An exact transcription of all the entries is needed; pictures stay out.

___ PROVIDED RECORDS

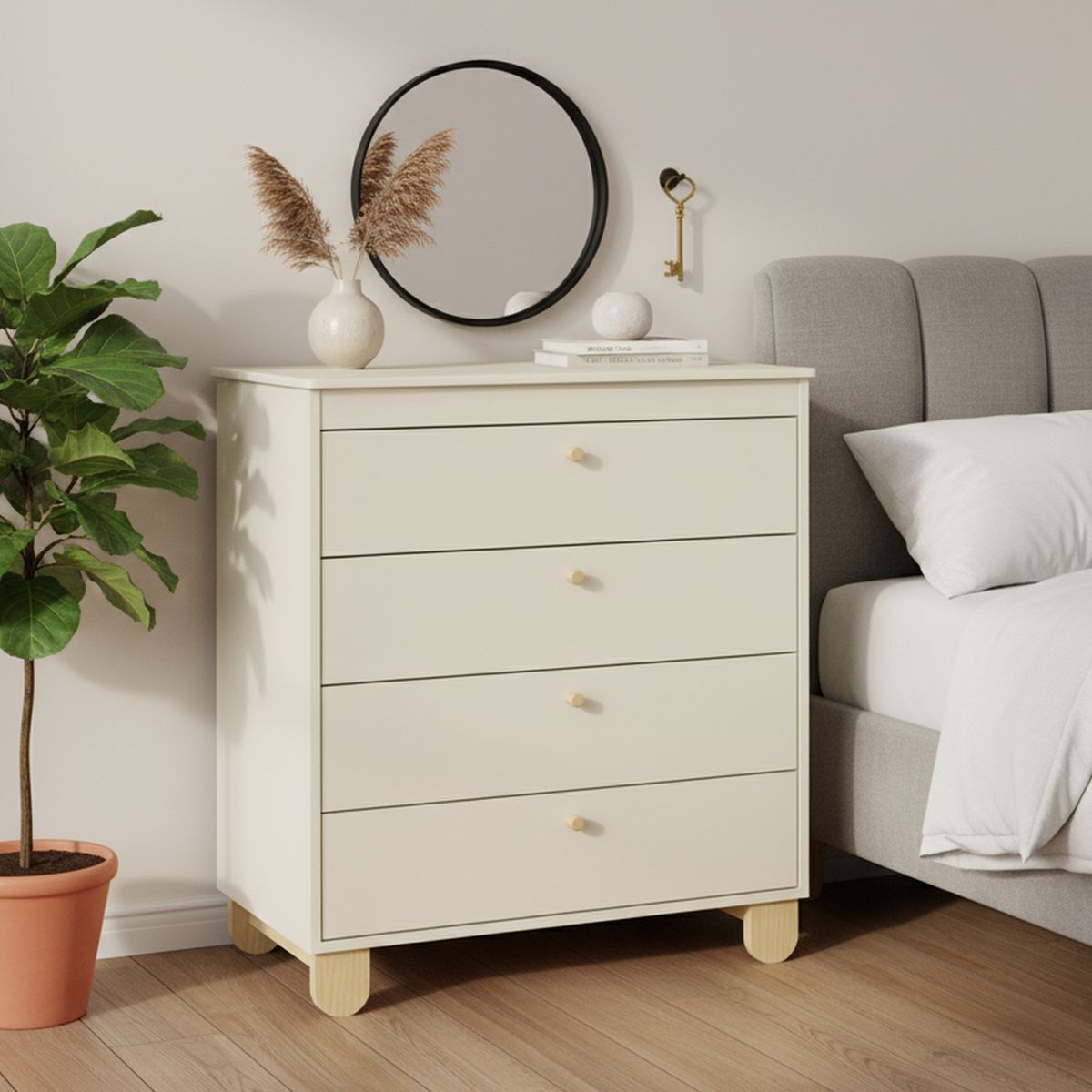 KIDSCOOL - Cómoda 4 Cajón(es) Zupi 77x93x46 cm Beige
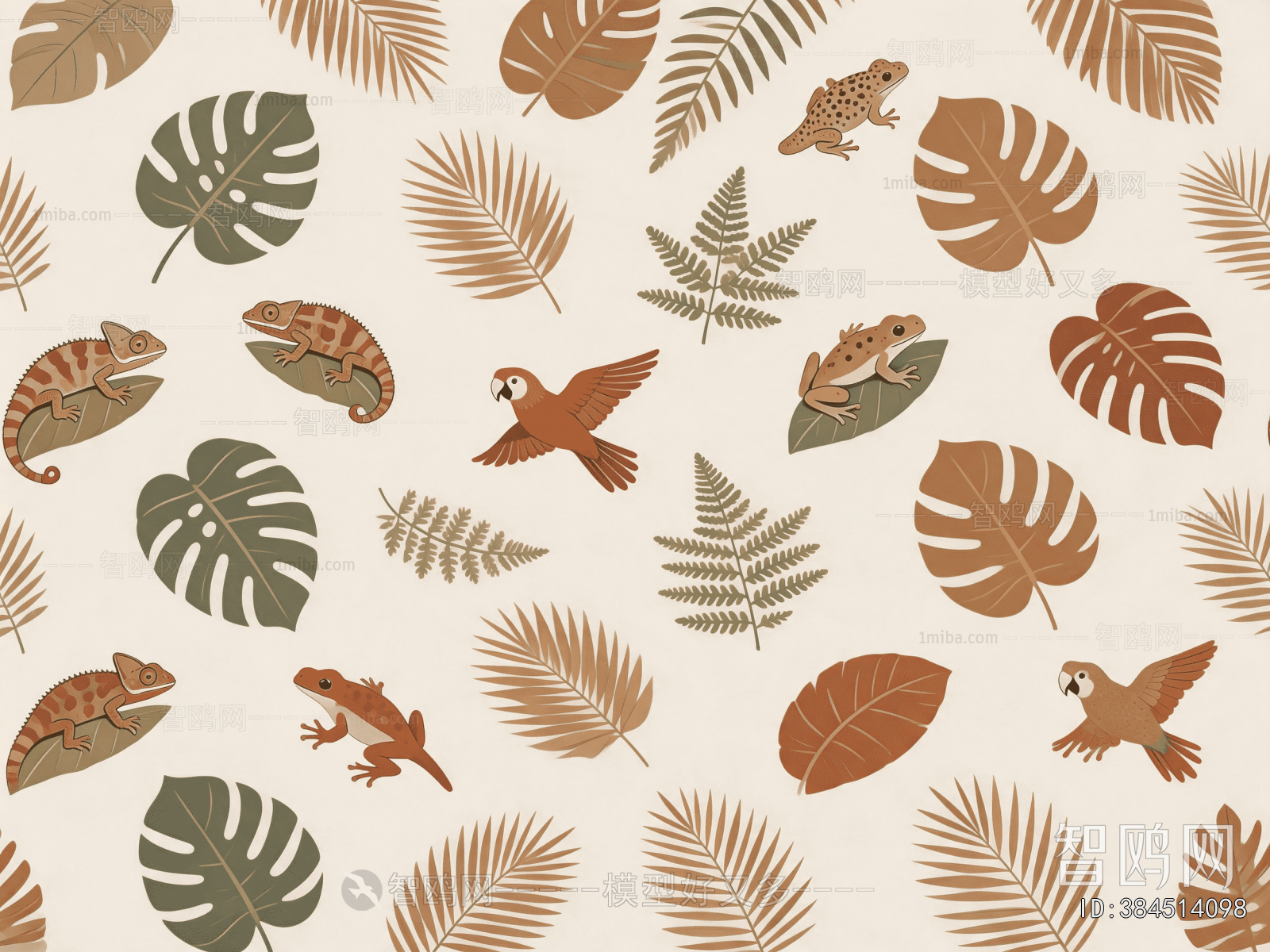 Animal And Plant Pattern Wallpaper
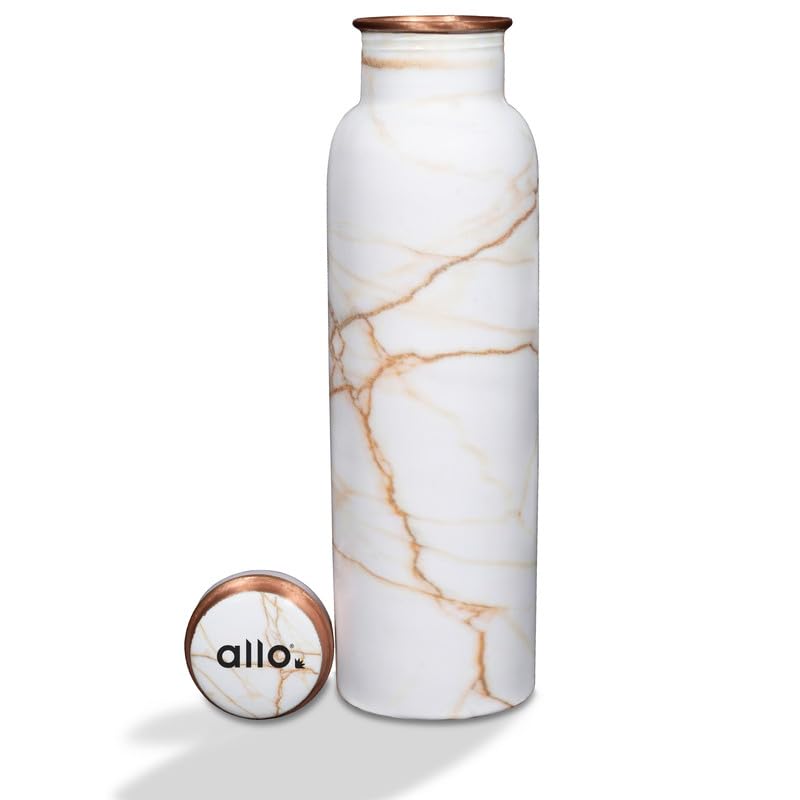 Image of Allo Pure Copper Water Bottle 1 Litre Copper Bottle | Alkaline and Anti Oxidant | 100% Leak Proof, Office, Gym Bottle, Modern Tamba Bottle for Adults, Best Gift for Diwali (White Golden Marble)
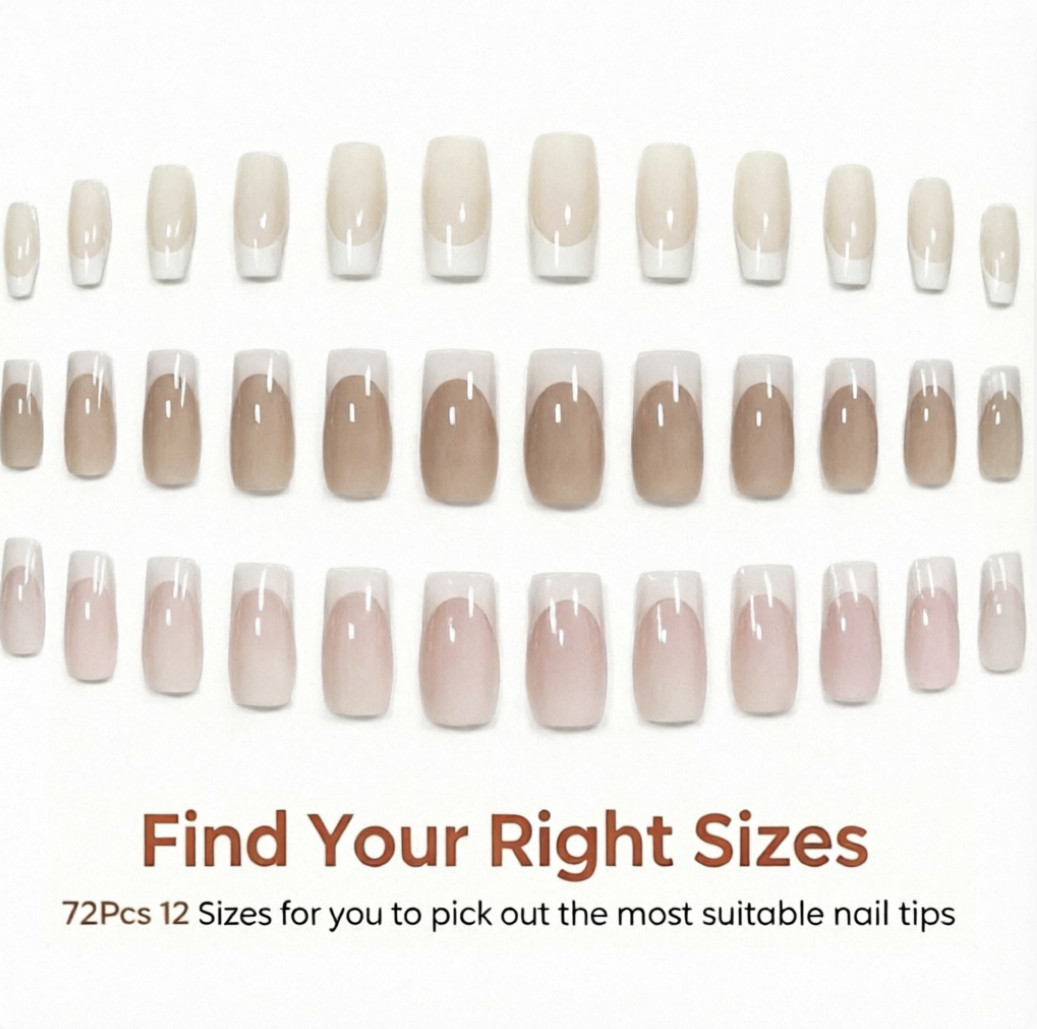 72Pcs 12 Size French Tip Press On Nails Soft Gel Glue On Nails Nude for Women US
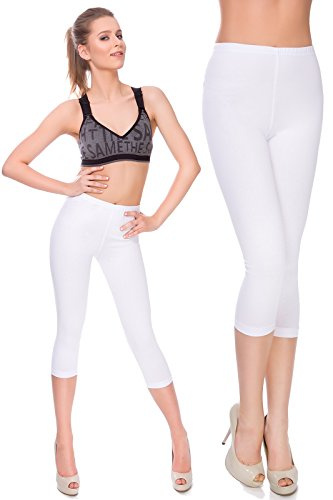 MITAAMI beskurna leggings för kvinnor, 3/4-långa byxor, elastisk midmidja, vardaglig bomull, stretchiga byxor för damer, löpning, gym, fitness, plusstorlek, 8-28 UK
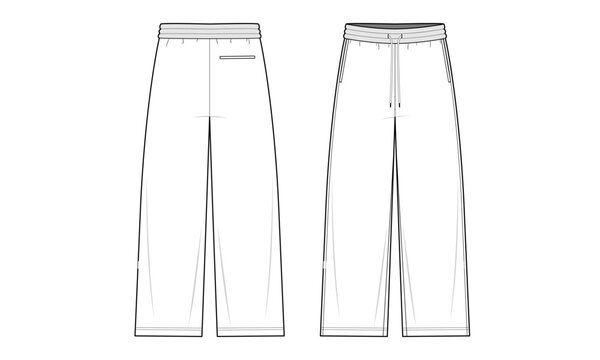Track pants technical fashion illustration. Track pants vector template illustration. front and back view. Relaxed fit. Elastic waistband. Sports wear. white color. CAD mockup.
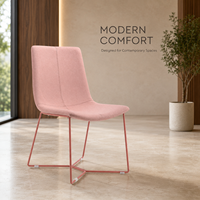 Chaise de salle à manger moderne européenne rembourrée en tissu, base en métal, sans accoudoirs, pour salle à manger, salon, bar à domicile, hôtel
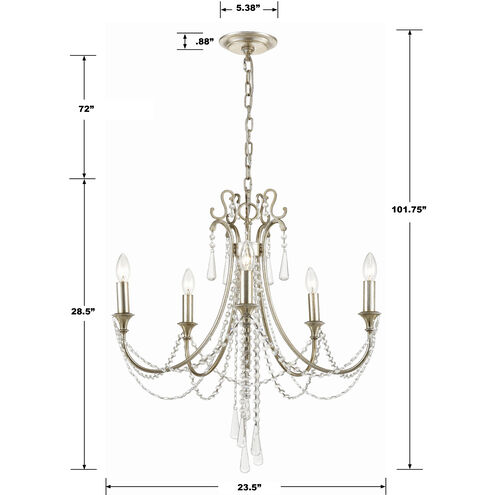 Arcadia 5 Light 23.5 inch Antique Silver Chandelier Ceiling Light
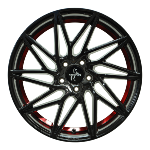 Jante Keskin KT20 20x8.5 ET30 5/112 BLACK PAINTED RED INSIDE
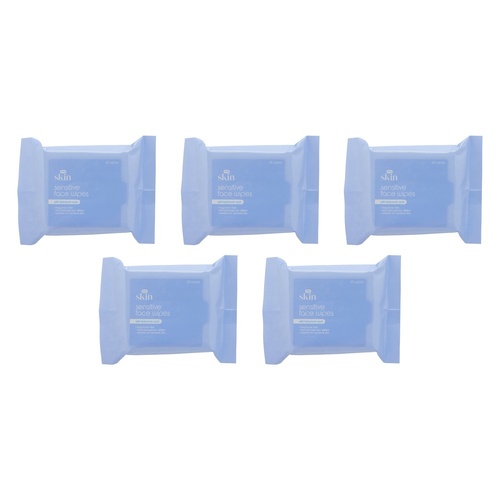 Pharmacy Health Sensitive Face Wipes 25 Pack Bundle of 5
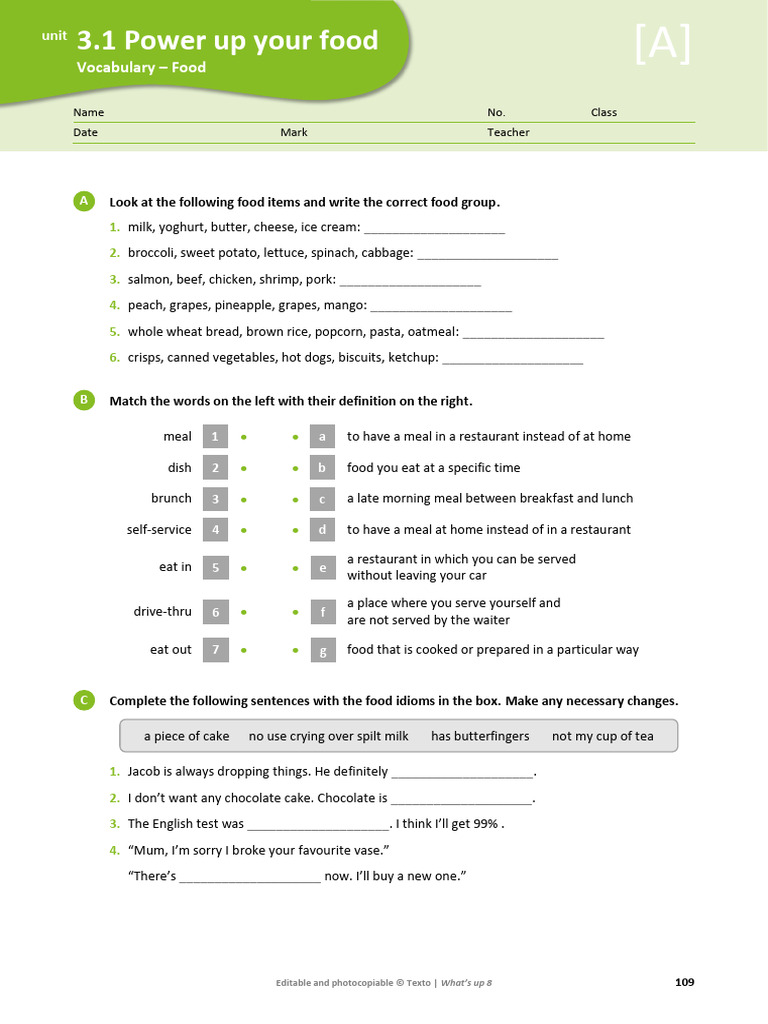 Food Vocabulary and Idioms Worksheet | PDF | Meal | Foods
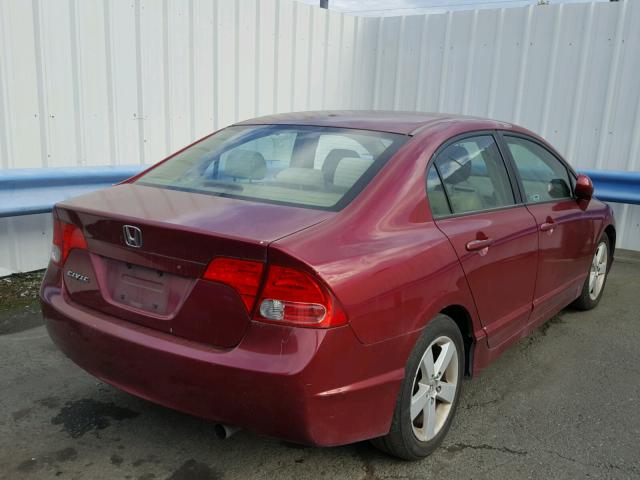 1HGFA16826L095437 - 2006 HONDA CIVIC EX RED photo 4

______

**THE ANSWER**
 KIDSCOOL - Cómoda 4 Cajón(es) Zupi 77x93x46 cm Beige
 Animal And Plant Pattern Wallpaper
 Image of Allo Pure Copper Water Bottle 1 Litre Copper Bottle | Alkaline and Anti Oxidant | 100% Leak Proof, Office, Gym Bottle, Modern Tamba Bottle for Adults, Best Gift for Diwali (White Golden Marble)
 72Pcs 12 Size French Tip Press On Nails Soft Gel Glue On Nails Nude for Women US
 MITAAMI beskurna leggings för kvinnor, 3/4-långa byxor, elastisk midmidja, vardaglig bomull, stretchiga byxor för damer, löpning, gym, fitness, plusstorlek, 8-28 UK
Track pants technical fashion illustration. Track pants vector template illustration. front and back view. Relaxed fit. Elastic waistband. Sports wear. white color. CAD mockup.
 Chaise de salle à manger moderne européenne rembourrée en tissu, base en métal, sans accoudoirs, pour salle à manger, salon, bar à domicile, hôtel
 Arcadia 5 Light 23.5 inch Antique Silver Chandelier Ceiling Light
 Jante Keskin KT20 20x8.5 ET30 5/112 BLACK PAINTED RED INSIDE
 Pharmacy Health Sensitive Face Wipes 25 Pack Bundle of 5
 Food Vocabulary and Idioms Worksheet | PDF | Meal | Foods
 1HGFA16826L095437 - 2006 HONDA CIVIC EX RED photo 4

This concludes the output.